The parallel loop templates parallel_for and parallel_reduce take an optional partitioner argument, which specifies a strategy for executing the loop. The following table summarizes the three partitioners and their effect when used in conjunction with blocked_range.
Partitioner |
Description |
When Used with blocked_range(i,j,g) |
---|---|---|
simple_partitioner |
Chunksize bounded by grain size. |
g/2 ≤ chunksize ≤ g |
auto_partitioner (default)[4] |
Automatic chunk size. |
g/2 ≤ chunksize |
affinity_partitioner |
Automatic chunk size and cache affinity. |
An auto_partitioner is used when no partitioner is specified. In general, the auto_partitioner or affinity_partitioner should be used, because these tailor the number of chunks based on available execution resources. However, simple_partitioner can be useful in the following situations:
The subrange size for operator() must not exceed a limit. That might be advantageous, for example, if your operator() needs a temporary array proportional to the size of the range. With a limited subrange size, you can use an automatic variable for the array instead of having to use dynamic memory allocation.
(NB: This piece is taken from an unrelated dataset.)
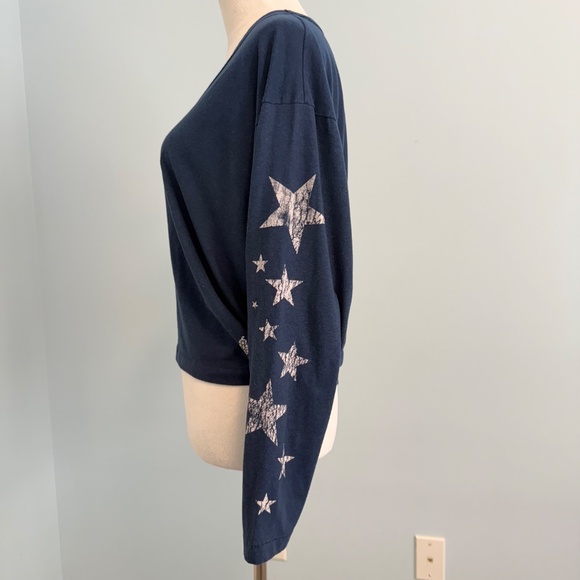 Free People Movement Navy Star Print Long Sleeve Crop Top Size S - Picture 3 of 9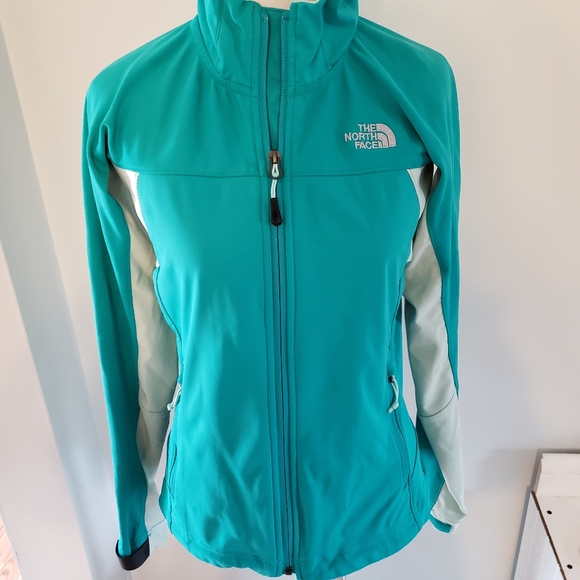 The North Face Jackets & Blazers - The North Face Womens Isotherm Jacket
A large subrange might use cache inefficiently. For example, suppose the processing of a subrange involves repeated sweeps over the same memory locations. Keeping the subrange below a limit might enable the repeatedly referenced memory locations to fit in cache. See the use of parallel_reduce in examples/parallel_reduce/primes/primes.cpp for an example of this scenario.
You want to tune to a specific machine.
[4] >Prior to Intel® Threading Building Blocks (Intel® TBB) 2.2, the default was simple_partitioner. Compile with TBB_DEPRECATED=1 to get the old default.